Step 2: Sign up for an account with a hosting company
Once you have a basic idea of what platform you are going to use to build your site, it’s time for some price shopping. A good hosting company has competitive rates for their services along with a friendly and knowledgeable staff.
While talking to potential companies, get a feel for all the fees involved with hosting, securing, and maintaining your website. A great introductory rate may not be worth it if they plan to drastically increase the price after year one.
Check out companies like GoDaddy.com, iPage.com, HostGator.com, and BlueHost.com to figure out which company is going to be the best fit.
Step 3: Choose and purchase your domain name
Your domain name will provide a first impression for your site visitors, so give it some careful thought.

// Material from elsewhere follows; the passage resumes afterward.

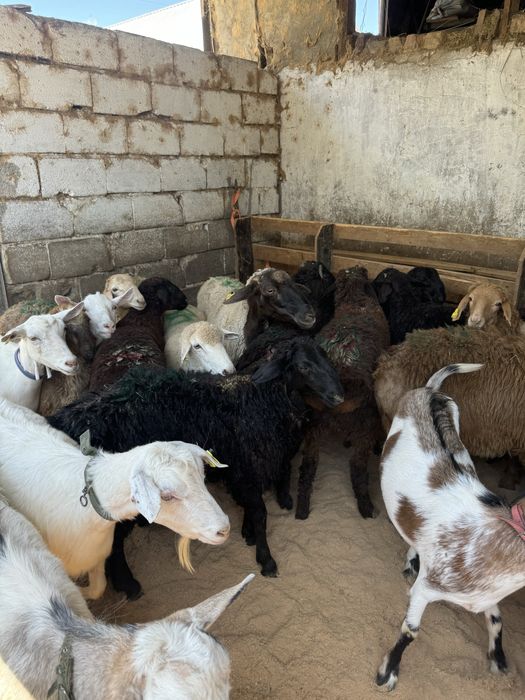 Баран Қой сатылады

There are several free search tools you can use to check for domain availability — just do a search for “domain availability.”
Plan to spend around $10–$15 to buy and maintain your domain year after year. Once you find the perfect name, simply talk to your hosting company and they can help you make the purchase.

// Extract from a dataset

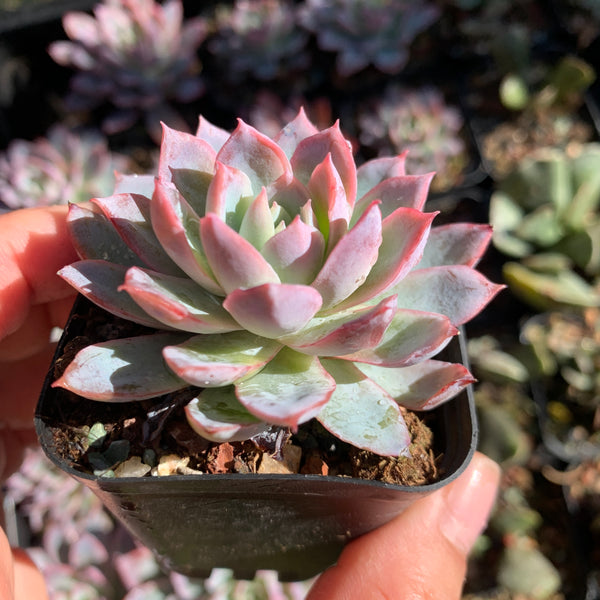 Echeveria Violet Queen 紫罗兰女王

Step 4: Build your website!
It’s now time for the fun part… You get to build your website!
If you’re unsure how to start, talk to your hosting company: It’s likely they can point you in the right direction. A number of tutorials and guides online can help you with your chosen building platform. Check out Websitesetup.org or Tool Tester for a few good ones.
Once you have your basic site structure created with several new pages and navigation, you can start filling in your marketing content.
Include all the basic information that potential clients will need to know to learn about your services. Ideally, that includes copy about the niche you target, past experience and testimonials if you have them, a description of your services, and an easy way to get in touch with you.
Remember, your first website as a freelance writer doesn’t need to be perfect right off the bat… It can even be downright ugly…
But given time, your site’s content, look, and functionality will begin to take shape until it perfectly represents you and your writing business!